The Griffins also have a 16-year-old horse, who could live well into its 30s.
Griffin said she’s currently in the process of legally establishing a plan for her animals through a will and possibly a trust.
“We have one child who loves our animals as much as we do,” she noted. “We’d like our daughter to be able to take possession of the animals and have money to use strictly for their care.”
Funding a pet’s health costs is another important part of creating an emergency care plan.
“It’s very important because as pets get older, just like people, their health costs and vet bills go up as well,” Bowes said. “If you have planned on leaving a pet with a relative or a friend, that could be a real financial burden.”
Establishing a funding source for your pet(s) could also be used to create a protective, back-up plan in the off-chance your chosen guardian is unable to take on the pets as agreed.
For instance, if Griffin’s daughter is not able to care for the dogs, the pooches will automatically be given to a specified animal rescue with the funds set aside for their care “to defray costs.”
The horse would likely go to a niece or a specified horse sanctuary, she added.

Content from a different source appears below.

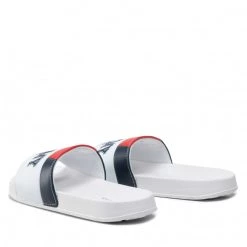 Enfant Mules / Sandales De Bain Tommy Hilfiger - Varsity Print Pool Silde T3B0-32274-1172 S White 100 Blanc -Tommy Hilfiger Soldes 03 0000209682120 plj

“I want them well taken care of,” Griffin said. “We want to make sure the animals are not destroyed because we do look at animals as a responsibility and as family members. Having a will is extremely important.”
According Bruce Phillips, a Grand Junction attorney at Elder and Phillips, many people do include provisions in their wills for family pets, such as who will care for the animal and how much money should be left for their care.
“Money is usually a part of that,” Phillips confirmed.
A trust for one’s pet is also allowed under Colorado’s probate code.
There are a few benefits of having a trust for one’s pet, rather than simply establishing care in a will.
A trust would both designate a caretaker for the pet and an overseer of the trust — someone that makes sure the person named actually takes care of pet, Phillips said.
A sum of money would also be placed in the trust, with a provision that allows for distribution of the money at the time of the pet’s death. This could be to the caregiver or a related charity. A trust would also establish funding support for additional pet guardians, if the primary guardian died or didn’t work out.
Because creating a trust is so formal, Phillips noted that in his experience more people “opt to give a sum of money to a trusted friend who has agreed to take care of the pet” in the form of a will, rather than a trust.
Phillips also suggests designating funds in one’s will to organizations that “support pets you’re passionate about.”